DATASET EXTRACT:
------------
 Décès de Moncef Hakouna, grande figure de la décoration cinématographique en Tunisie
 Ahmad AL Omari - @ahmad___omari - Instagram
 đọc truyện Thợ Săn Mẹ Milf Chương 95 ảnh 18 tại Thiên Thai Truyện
------------
TASK BRIEF: Nothing but the line with "Ahmad AL Omari - @ahmad___omari - Instagram" and the lines after it, through the end of the material, should appear in the output, word for word.

OUTPUT BELOW:
 Ahmad AL Omari - @ahmad___omari - Instagram
 đọc truyện Thợ Săn Mẹ Milf Chương 95 ảnh 18 tại Thiên Thai Truyện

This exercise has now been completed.